Crawled caption data
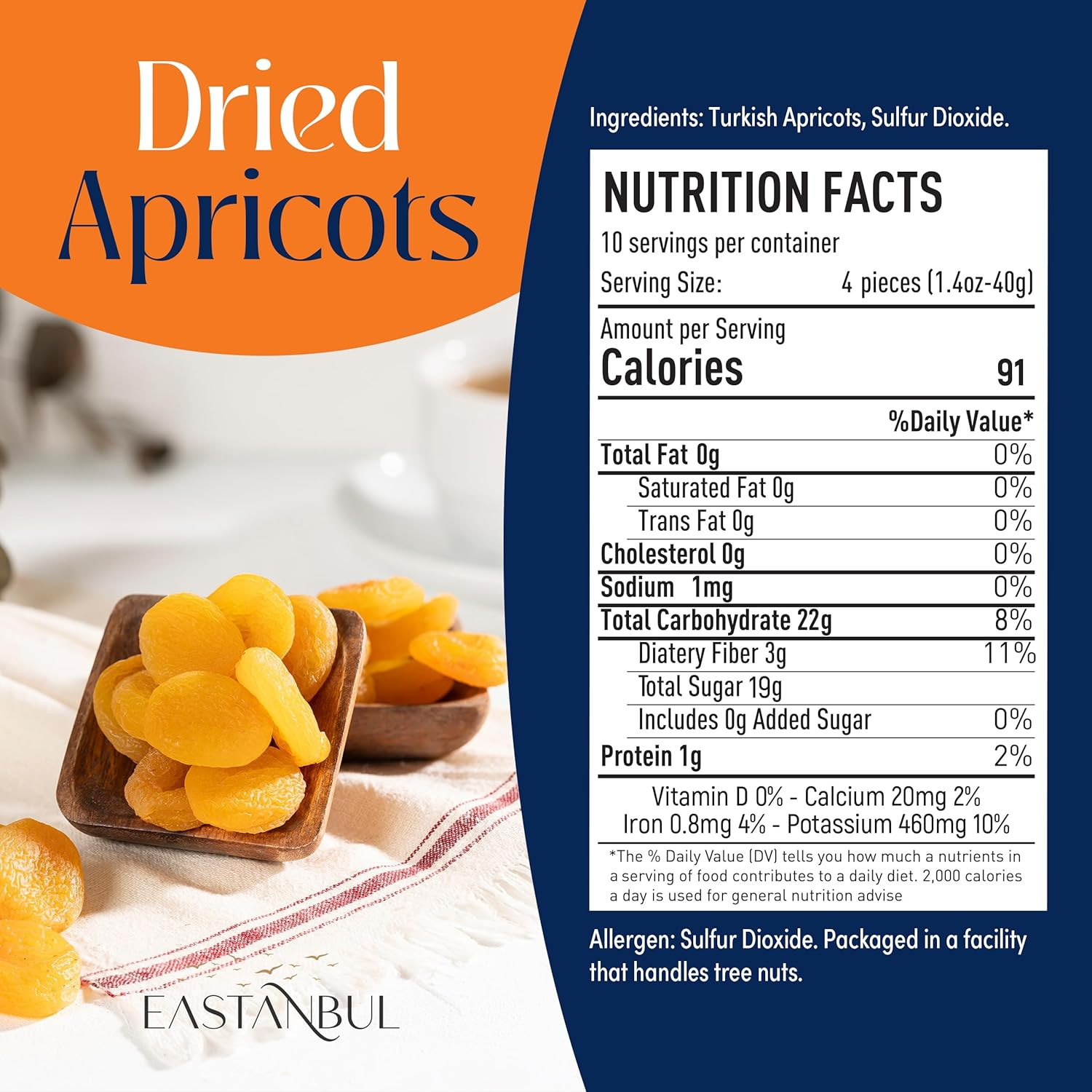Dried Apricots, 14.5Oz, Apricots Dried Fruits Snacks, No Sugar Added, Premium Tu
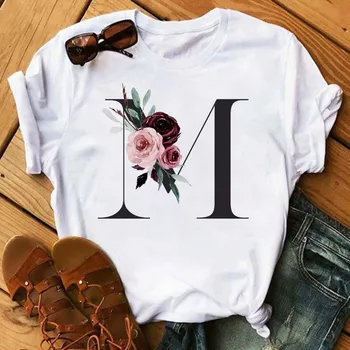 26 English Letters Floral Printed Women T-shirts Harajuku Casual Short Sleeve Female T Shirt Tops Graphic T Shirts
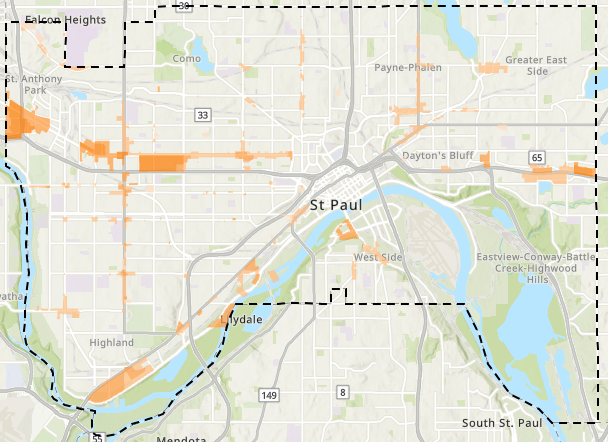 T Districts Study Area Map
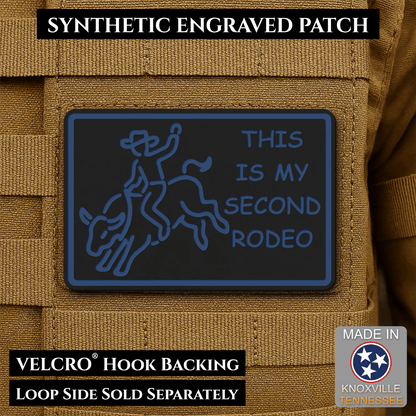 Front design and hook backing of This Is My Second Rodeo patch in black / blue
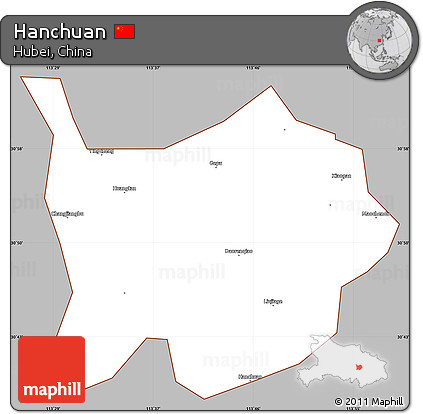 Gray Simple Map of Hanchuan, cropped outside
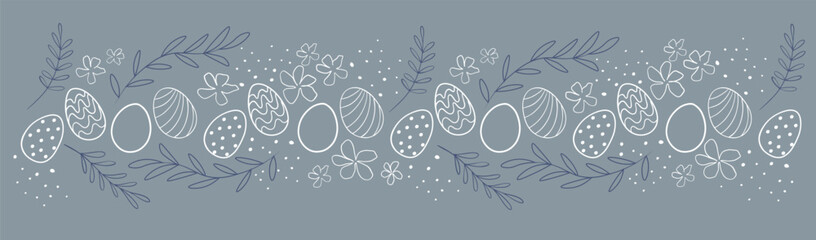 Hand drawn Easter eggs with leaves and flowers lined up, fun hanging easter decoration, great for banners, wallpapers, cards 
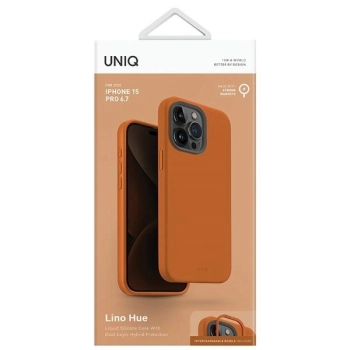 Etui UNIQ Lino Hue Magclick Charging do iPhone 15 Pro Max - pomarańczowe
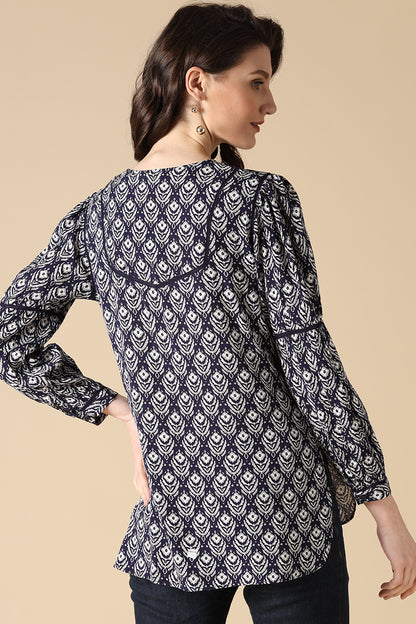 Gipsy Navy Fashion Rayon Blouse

...

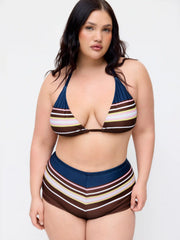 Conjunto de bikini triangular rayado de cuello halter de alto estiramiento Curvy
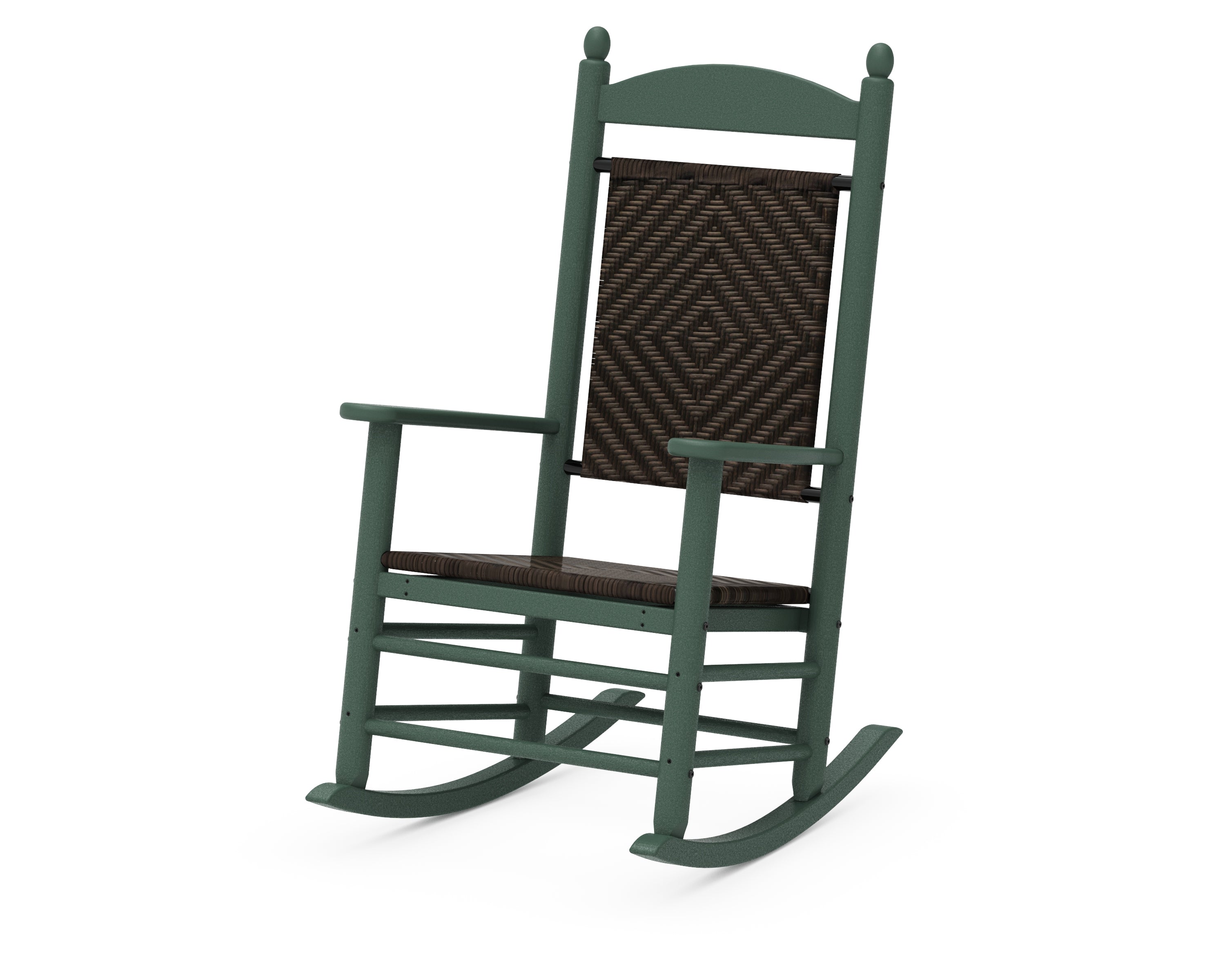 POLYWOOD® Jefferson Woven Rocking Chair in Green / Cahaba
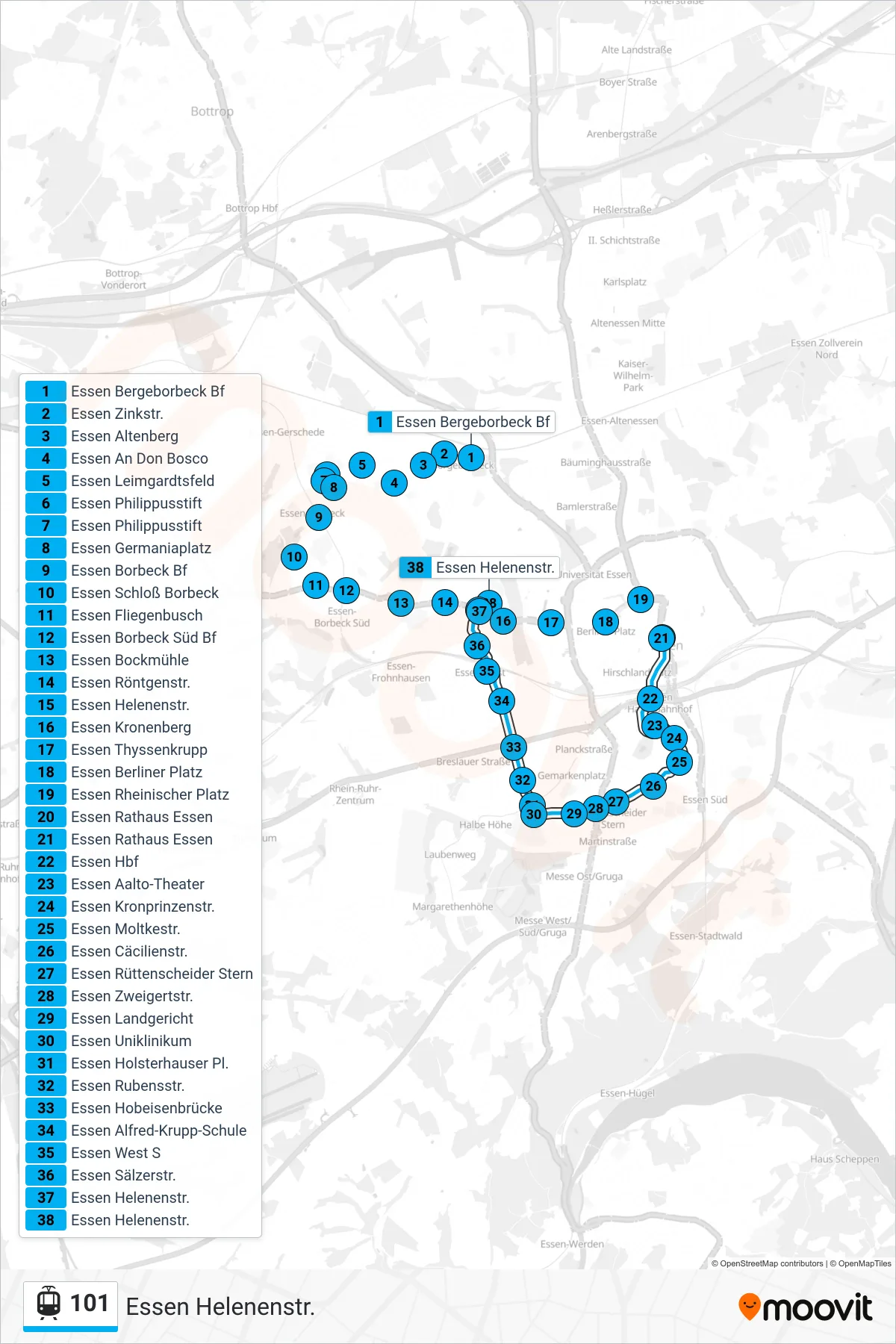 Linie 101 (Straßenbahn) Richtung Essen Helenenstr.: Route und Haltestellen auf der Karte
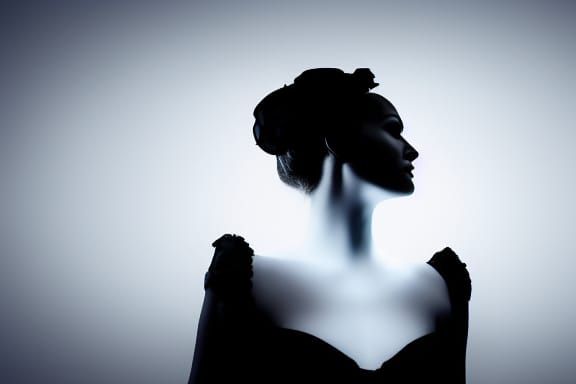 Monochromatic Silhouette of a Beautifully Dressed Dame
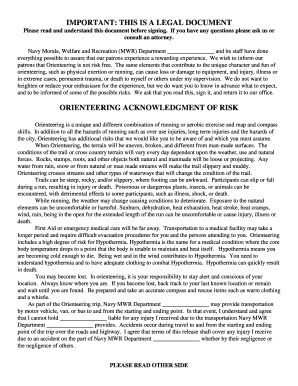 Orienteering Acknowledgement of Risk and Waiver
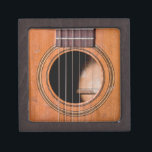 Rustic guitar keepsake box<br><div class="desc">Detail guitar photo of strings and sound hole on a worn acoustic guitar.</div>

PROBLEM TO SOLVE
Return only the stretch above from the line containing "POLYWOOD® Jefferson Woven" through the line containing "Rustic guitar keepsake", word for word and without pictures.

WRITTEN ANSWER
 POLYWOOD® Jefferson Woven Rocking Chair in Green / Cahaba
 Linie 101 (Straßenbahn) Richtung Essen Helenenstr.: Route und Haltestellen auf der Karte
 Monochromatic Silhouette of a Beautifully Dressed Dame
 Orienteering Acknowledgement of Risk and Waiver
 Rustic guitar keepsake box<br><div class="desc">Detail guitar photo of strings and sound hole on a worn acoustic guitar.</div>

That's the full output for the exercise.